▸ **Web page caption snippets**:
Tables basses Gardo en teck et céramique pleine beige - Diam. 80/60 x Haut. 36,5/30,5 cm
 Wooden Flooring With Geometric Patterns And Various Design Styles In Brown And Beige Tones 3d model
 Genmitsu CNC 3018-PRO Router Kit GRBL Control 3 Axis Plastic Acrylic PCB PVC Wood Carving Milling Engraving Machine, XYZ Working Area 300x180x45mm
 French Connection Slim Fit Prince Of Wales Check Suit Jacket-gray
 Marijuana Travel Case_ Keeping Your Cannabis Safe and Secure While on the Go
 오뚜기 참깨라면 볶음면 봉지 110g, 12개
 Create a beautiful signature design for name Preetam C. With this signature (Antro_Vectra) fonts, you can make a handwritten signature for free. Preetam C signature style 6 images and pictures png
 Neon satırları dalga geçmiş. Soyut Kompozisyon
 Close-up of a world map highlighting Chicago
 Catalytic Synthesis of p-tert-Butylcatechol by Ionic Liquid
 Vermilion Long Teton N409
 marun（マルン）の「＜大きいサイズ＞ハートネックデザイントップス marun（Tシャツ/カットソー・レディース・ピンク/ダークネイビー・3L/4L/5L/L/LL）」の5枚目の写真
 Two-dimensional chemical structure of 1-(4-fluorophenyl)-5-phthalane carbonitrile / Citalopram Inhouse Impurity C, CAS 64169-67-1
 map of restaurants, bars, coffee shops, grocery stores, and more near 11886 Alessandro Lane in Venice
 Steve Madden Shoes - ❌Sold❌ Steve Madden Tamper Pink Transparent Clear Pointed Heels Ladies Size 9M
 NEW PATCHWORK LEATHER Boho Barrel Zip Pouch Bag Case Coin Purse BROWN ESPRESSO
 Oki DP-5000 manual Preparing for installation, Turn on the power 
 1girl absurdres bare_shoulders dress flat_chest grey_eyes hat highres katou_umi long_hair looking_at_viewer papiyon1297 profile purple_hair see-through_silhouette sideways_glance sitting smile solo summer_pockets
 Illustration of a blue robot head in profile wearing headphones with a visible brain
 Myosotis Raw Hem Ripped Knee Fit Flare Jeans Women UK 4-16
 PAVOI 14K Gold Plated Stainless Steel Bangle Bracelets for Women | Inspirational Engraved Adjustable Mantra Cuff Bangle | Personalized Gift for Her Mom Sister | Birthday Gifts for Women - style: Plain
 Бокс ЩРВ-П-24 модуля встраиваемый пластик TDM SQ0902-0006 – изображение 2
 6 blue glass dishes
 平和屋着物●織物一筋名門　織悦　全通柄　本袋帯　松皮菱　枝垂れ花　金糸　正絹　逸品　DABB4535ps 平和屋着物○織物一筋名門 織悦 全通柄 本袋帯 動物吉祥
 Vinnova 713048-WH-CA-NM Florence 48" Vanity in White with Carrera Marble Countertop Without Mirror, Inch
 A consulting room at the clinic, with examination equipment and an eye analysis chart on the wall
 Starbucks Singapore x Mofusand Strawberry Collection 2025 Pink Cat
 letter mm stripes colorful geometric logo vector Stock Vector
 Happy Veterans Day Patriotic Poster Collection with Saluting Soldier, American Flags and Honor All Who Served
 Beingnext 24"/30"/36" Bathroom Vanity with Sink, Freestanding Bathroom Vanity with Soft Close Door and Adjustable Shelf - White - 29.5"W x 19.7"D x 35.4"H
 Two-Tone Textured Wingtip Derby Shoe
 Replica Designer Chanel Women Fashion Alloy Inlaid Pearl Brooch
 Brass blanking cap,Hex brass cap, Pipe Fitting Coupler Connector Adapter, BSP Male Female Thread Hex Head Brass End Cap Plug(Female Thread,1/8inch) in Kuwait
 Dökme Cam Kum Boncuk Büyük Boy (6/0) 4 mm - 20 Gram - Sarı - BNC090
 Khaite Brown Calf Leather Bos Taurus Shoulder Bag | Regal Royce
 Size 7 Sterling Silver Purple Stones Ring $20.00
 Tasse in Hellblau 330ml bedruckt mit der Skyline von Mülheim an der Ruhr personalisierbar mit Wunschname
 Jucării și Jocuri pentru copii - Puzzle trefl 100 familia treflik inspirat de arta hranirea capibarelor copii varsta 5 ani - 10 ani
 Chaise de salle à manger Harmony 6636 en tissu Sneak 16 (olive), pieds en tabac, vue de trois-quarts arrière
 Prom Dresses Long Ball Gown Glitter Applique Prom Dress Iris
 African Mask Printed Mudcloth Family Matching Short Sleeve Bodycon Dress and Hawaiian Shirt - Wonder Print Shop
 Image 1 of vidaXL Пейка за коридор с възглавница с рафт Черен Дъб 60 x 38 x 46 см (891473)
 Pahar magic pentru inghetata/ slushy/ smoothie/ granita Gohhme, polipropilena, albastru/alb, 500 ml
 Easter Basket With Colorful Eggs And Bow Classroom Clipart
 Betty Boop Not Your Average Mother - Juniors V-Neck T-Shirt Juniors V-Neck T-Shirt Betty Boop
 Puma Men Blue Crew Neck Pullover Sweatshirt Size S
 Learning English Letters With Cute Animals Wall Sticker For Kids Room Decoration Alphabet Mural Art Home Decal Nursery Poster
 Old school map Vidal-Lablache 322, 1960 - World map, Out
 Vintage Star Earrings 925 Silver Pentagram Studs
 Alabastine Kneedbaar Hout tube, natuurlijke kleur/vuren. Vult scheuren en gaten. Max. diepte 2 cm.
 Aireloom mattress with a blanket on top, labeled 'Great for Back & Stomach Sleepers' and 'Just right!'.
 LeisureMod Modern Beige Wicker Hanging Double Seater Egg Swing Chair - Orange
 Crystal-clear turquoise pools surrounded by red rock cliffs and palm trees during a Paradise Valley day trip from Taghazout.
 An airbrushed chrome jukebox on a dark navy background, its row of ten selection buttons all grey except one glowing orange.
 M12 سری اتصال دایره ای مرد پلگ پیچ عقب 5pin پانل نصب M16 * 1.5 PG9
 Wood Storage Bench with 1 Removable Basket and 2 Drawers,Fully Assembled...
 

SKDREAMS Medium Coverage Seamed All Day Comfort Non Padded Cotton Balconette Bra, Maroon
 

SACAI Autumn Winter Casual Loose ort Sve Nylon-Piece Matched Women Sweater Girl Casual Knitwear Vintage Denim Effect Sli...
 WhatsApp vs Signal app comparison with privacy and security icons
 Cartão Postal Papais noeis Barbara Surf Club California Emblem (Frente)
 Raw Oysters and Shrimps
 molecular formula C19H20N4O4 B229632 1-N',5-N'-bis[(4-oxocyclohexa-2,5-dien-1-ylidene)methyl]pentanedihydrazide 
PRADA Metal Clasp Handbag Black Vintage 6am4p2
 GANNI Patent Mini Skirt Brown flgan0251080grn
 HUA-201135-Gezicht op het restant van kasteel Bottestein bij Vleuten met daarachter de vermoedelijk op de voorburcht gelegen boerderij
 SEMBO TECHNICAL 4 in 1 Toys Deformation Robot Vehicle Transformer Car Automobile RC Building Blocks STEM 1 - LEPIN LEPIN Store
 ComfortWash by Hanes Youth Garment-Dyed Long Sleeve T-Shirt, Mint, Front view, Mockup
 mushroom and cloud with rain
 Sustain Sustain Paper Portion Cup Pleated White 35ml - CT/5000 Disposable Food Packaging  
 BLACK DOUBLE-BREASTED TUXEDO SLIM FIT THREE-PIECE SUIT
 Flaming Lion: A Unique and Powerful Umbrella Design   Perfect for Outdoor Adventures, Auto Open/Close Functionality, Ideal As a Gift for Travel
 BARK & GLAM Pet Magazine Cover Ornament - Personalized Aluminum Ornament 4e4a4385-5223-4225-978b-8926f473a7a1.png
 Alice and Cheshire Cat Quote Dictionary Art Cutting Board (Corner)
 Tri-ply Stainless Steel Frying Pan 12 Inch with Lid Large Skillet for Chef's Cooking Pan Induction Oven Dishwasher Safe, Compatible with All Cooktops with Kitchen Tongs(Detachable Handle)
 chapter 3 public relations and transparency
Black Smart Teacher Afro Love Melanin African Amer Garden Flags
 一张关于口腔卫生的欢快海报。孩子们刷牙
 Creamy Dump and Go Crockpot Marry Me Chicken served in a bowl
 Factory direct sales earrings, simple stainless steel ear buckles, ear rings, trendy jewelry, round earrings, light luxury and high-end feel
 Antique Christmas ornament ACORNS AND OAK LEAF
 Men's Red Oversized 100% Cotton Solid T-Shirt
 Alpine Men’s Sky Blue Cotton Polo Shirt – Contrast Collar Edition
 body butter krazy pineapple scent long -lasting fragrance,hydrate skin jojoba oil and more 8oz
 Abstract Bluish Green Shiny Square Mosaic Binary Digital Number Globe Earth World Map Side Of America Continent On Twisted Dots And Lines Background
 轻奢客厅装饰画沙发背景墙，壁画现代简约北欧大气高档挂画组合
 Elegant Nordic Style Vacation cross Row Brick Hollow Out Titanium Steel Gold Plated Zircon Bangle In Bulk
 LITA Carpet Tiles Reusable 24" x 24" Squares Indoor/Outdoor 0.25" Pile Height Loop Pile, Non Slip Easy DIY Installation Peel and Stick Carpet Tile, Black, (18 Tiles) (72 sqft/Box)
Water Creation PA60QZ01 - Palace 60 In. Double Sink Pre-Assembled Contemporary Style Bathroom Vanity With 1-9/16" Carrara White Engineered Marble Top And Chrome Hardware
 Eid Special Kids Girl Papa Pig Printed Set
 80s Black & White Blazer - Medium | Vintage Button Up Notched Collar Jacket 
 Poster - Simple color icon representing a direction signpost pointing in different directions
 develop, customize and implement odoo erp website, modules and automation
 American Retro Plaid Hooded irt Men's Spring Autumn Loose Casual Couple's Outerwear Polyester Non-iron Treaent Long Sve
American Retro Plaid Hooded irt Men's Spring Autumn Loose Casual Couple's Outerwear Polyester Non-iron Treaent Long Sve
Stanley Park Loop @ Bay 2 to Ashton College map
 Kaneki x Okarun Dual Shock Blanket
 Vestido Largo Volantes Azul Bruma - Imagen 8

▸ **What is required**: Your task for the entries above: copy exactly the span starting with the line with "Khaite Brown Calf" and going on through the line with "Chaise de salle", both lines included, and nothing else.

▸ **Exercise answer**:
 Khaite Brown Calf Leather Bos Taurus Shoulder Bag | Regal Royce
 Size 7 Sterling Silver Purple Stones Ring $20.00
 Tasse in Hellblau 330ml bedruckt mit der Skyline von Mülheim an der Ruhr personalisierbar mit Wunschname
 Jucării și Jocuri pentru copii - Puzzle trefl 100 familia treflik inspirat de arta hranirea capibarelor copii varsta 5 ani - 10 ani
 Chaise de salle à manger Harmony 6636 en tissu Sneak 16 (olive), pieds en tabac, vue de trois-quarts arrière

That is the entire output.